== EXERCISE BRIEF ==
For each line below that includes the word "Black", make a copy.

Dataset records
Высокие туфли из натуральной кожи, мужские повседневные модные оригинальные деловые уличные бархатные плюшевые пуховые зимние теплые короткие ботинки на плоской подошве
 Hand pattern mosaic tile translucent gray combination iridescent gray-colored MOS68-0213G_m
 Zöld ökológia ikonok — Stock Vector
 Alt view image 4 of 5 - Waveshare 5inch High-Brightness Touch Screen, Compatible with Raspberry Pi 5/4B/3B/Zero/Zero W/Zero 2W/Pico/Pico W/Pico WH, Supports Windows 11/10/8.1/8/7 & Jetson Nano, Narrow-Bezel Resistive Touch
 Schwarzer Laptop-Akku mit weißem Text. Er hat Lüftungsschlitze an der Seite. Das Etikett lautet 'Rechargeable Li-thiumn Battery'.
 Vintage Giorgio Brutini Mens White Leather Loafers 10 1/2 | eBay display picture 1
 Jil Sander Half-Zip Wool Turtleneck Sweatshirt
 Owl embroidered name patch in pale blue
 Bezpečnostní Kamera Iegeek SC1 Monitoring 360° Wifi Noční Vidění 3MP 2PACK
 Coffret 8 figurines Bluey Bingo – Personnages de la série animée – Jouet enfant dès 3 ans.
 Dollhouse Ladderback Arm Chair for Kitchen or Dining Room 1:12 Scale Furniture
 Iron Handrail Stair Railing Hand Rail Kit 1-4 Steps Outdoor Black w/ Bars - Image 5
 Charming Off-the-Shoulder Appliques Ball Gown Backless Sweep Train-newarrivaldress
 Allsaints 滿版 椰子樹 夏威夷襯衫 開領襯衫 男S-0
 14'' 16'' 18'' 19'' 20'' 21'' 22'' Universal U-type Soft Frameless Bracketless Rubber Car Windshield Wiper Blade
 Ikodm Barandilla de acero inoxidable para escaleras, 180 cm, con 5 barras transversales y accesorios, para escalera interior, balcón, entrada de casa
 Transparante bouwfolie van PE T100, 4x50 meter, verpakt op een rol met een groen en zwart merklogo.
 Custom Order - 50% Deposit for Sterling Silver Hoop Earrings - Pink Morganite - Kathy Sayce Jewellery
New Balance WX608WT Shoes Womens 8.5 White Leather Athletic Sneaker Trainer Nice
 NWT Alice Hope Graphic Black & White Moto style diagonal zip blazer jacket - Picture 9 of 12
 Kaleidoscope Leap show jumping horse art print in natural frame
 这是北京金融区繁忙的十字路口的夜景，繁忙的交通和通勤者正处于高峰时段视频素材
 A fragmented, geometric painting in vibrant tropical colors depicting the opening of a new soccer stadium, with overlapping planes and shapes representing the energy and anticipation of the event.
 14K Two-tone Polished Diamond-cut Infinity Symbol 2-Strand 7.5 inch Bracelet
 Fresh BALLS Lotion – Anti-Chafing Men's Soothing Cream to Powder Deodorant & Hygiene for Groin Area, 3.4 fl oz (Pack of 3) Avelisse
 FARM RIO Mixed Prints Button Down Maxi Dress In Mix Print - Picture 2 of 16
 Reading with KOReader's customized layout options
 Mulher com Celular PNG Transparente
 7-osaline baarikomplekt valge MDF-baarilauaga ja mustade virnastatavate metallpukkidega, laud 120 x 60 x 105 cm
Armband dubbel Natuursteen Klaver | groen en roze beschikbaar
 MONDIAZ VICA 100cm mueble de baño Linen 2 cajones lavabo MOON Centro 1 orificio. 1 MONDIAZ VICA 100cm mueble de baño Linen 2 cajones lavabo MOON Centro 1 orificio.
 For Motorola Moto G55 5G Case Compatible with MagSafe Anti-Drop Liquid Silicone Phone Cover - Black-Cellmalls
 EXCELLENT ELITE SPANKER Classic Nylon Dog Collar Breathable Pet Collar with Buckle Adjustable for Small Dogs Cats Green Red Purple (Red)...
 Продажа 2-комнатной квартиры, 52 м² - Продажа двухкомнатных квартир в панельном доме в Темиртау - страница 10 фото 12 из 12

== TASK OUTPUT ==
 Iron Handrail Stair Railing Hand Rail Kit 1-4 Steps Outdoor Black w/ Bars - Image 5
 NWT Alice Hope Graphic Black & White Moto style diagonal zip blazer jacket - Picture 9 of 12
 For Motorola Moto G55 5G Case Compatible with MagSafe Anti-Drop Liquid Silicone Phone Cover - Black-Cellmalls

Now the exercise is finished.